Christopher Hitchens, the ostentatiously atheistic writer has a surprising assessment of Waugh's great novel, bashing the latest film treatment for its unjust and wrong-headed depiction of, of all things, Catholicism.
I do not consider myself a sympathiser with Roman Catholicism, but this film seems motivated by the cheaper sort of malice against it. Lady Marchmain is represented as a blazing-eyed fanatic, capable of compelling a male guest to attend a Catholic service (at which, laughably, she herself officiates). Julia does something that neither a true aristocrat nor a true Catholic would do, by asking whether this same guest is "one of us". Her crucial later monologue on sin is badly truncated.
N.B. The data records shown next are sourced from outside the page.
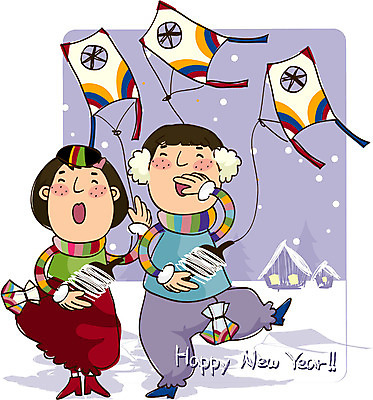 EPS 전신 한국문화 한국전통 여자 명절 남자 어린이 겨울 일러스트 새해 한국 서기 사람 소녀 소년 야외 두명 친구 설날 전통놀이 연날리기 어린이만 국내일러스트 동양문화 전통 계절 기념일 아시아 관계 모션 놀이 파일형식 벡터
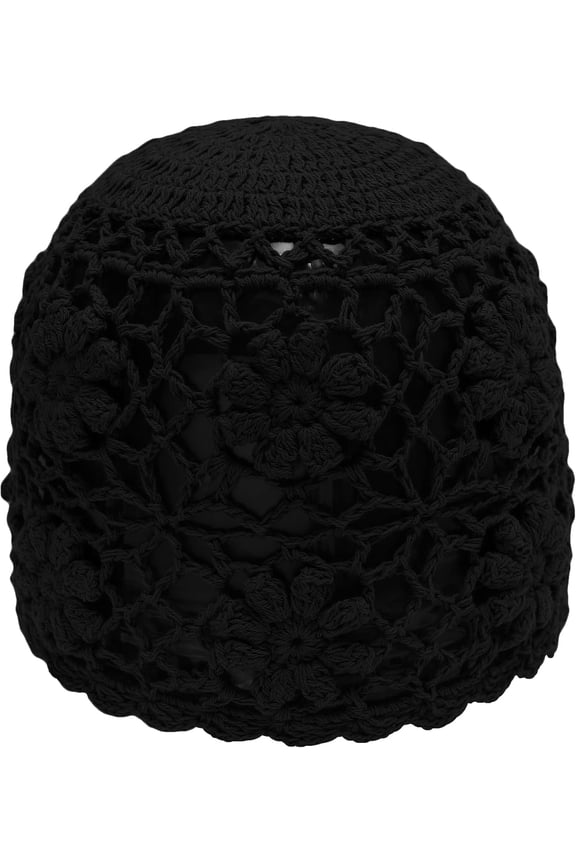 Women Cotton Crochet Skull Cap Handmade Knit Cutout Floral Beanie Hat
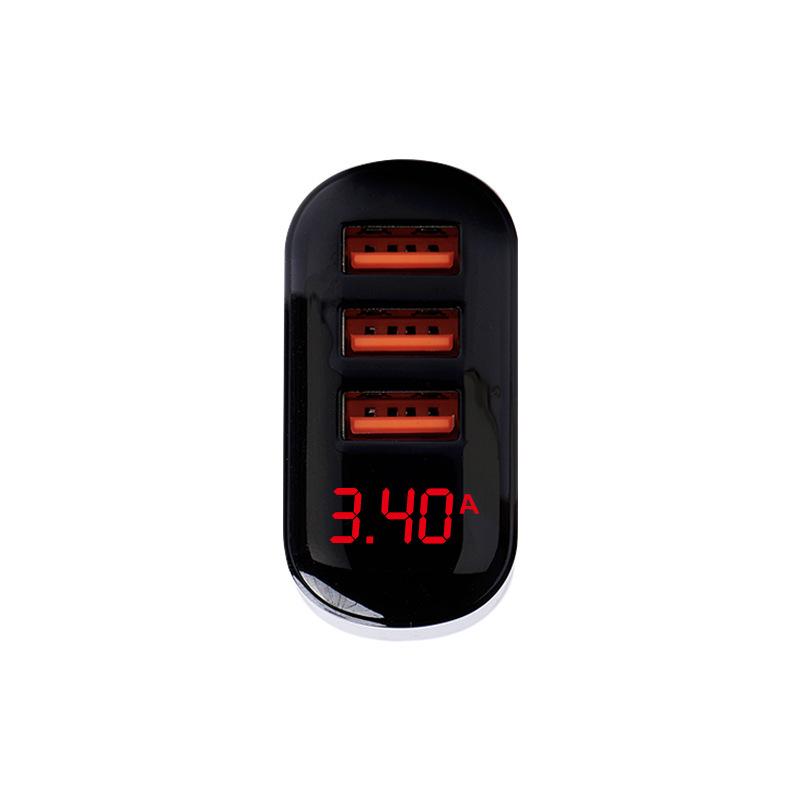 5V2A Fast Charger with Three Ports & Digital Display - Compatible with Apple, PDQC; UK & EU Plugs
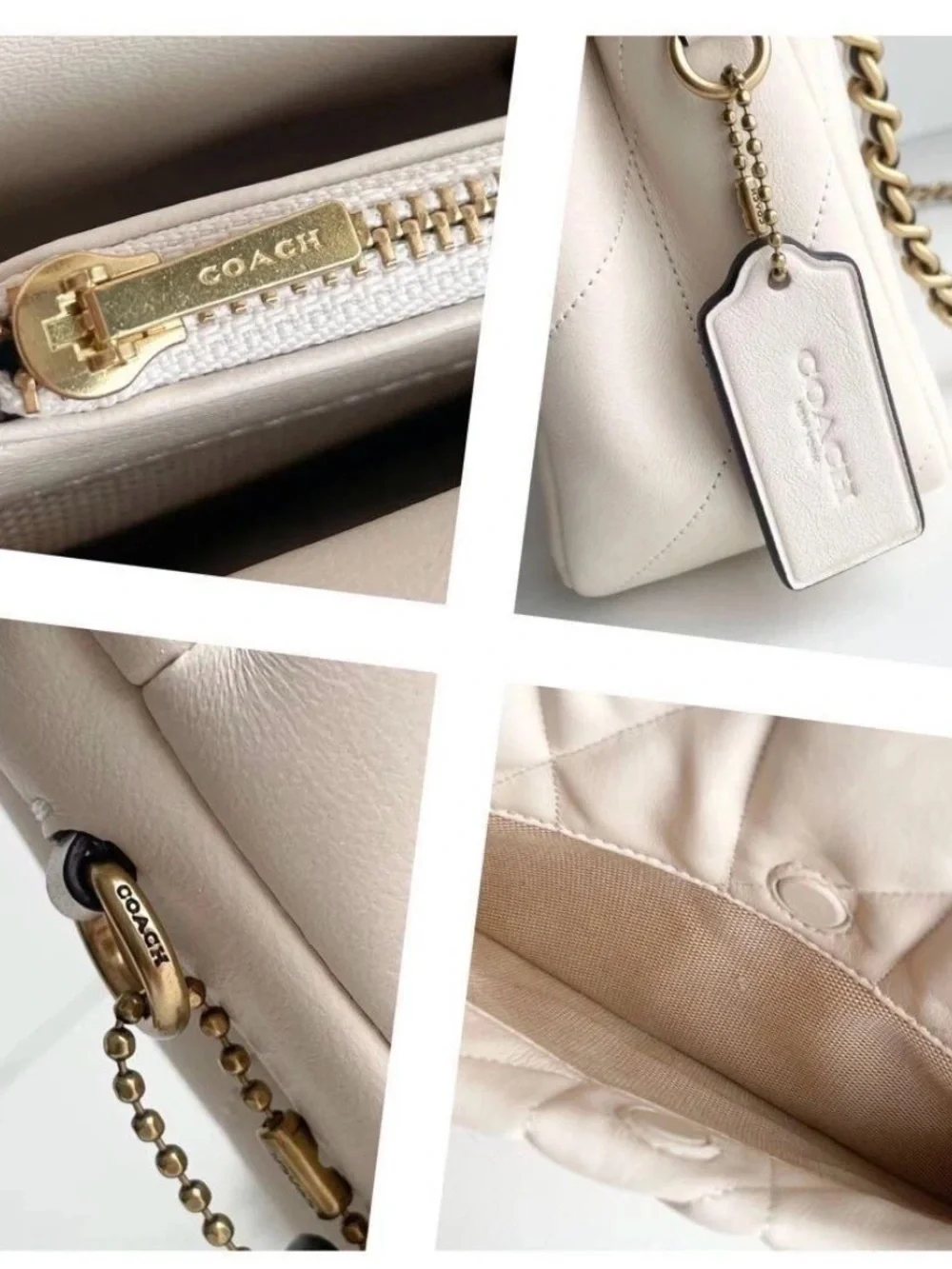 Coach Tabby 26 Quilted Shoulder Bag in Chalk with Brass Hardware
The rather subtle way in which Waugh makes Charles feel that perhaps there is something banal about his own "agnosticism" - miscast in the film as atheism - is at no point even acknowledged.
I have no intention of the film-makers getting my 9.50, so I shouldn't comment on a film I shall not see until it's free, but word before its release was that absurdly, it left the Catholicism out of the story; but the actual film seem to demonstrate an even less wise move on the part of the film-makers -- the Faith is, impossibly, the villain of the piece. (So what if the story doesn't make any sense then? over and over we see that movies nowadays, given enough sex and 'splosions, don't need to make sense to earn back their costs.)